🤖 AI Summary
To address the challenges of poor cross-subject and cross-session generalization, scarcity of high-quality EEG data, and temporal confounds induced by block-design paradigms in EEG-based visual decoding, this work introduces EEG-ImageNet—the first large-scale, multi-granularity annotated EEG dataset for visual decoding. It comprises high-temporal-resolution EEG responses from 16 subjects viewing 4,000 ImageNet images, annotated with both coarse-grained (category-level) and fine-grained (sub-category-level) semantic labels—five times larger than existing benchmarks—and establishes the first standardized benchmark for EEG visual decoding.

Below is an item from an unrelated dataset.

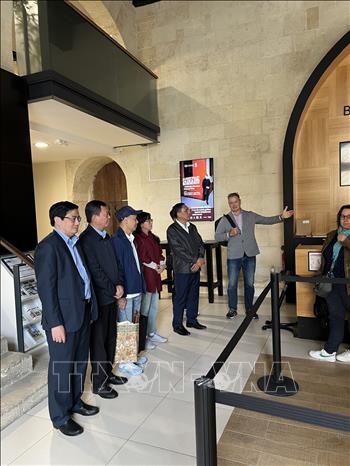 Đoàn công tác tỉnh Lào Cai thăm La Méca, không gian hỗ trợ sáng tạo của các nghệ sĩ trẻ trong và ngoài nước. Ảnh: TTXVN phát
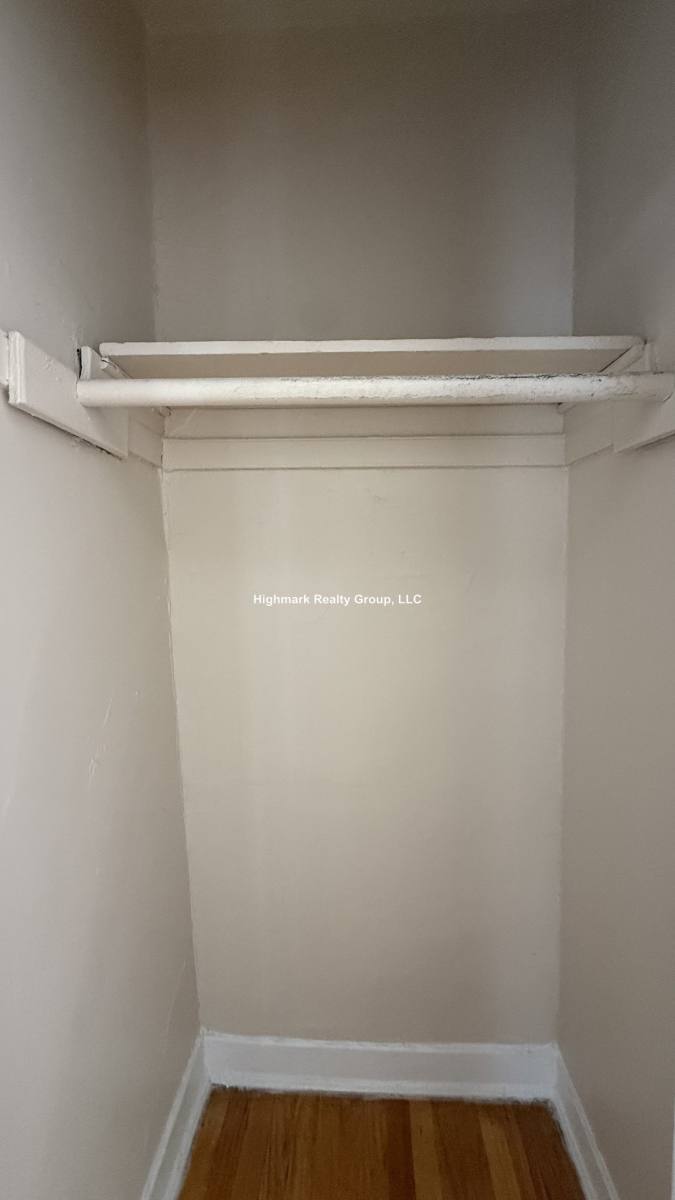 Apartment for rent at 2342 W Touhy #3AB, Chicago, IL 60645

Methodologically, it integrates portable EEG acquisition with hybrid CNN/Transformer architectures and unifies evaluation across classification (accuracy) and reconstruction (two-way identification rate) tasks. The best-performing model achieves 60% category-level classification accuracy and 64% reconstruction identification rate—setting new state-of-the-art performance and advancing portable visual BCIs and computational modeling of biological vision.
📝 Abstract
Identifying and reconstructing what we see from brain activity gives us a special insight into investigating how the biological visual system represents the world. While recent efforts have achieved high-performance image classification and high-quality image reconstruction from brain signals collected by Functional Magnetic Resonance Imaging (fMRI) or magnetoencephalogram (MEG), the expensiveness and bulkiness of these devices make relevant applications difficult to generalize to practical applications. On the other hand, Electroencephalography (EEG), despite its advantages of ease of use, cost-efficiency, high temporal resolution, and non-invasive nature, has not been fully explored in relevant studies due to the lack of comprehensive datasets. To address this gap, we introduce EEG-ImageNet, a novel EEG dataset comprising recordings from 16 subjects exposed to 4000 images selected from the ImageNet dataset. EEG-ImageNet consists of 5 times EEG-image pairs larger than existing similar EEG benchmarks. EEG-ImageNet is collected with image stimuli of multi-granularity labels, i.e., 40 images with coarse-grained labels and 40 with fine-grained labels. Based on it, we establish benchmarks for object classification and image reconstruction. Experiments with several commonly used models show that the best models can achieve object classification with accuracy around 60% and image reconstruction with two-way identification around 64%. These results demonstrate the dataset's potential to advance EEG-based visual brain-computer interfaces, understand the visual perception of biological systems, and provide potential applications in improving machine visual models.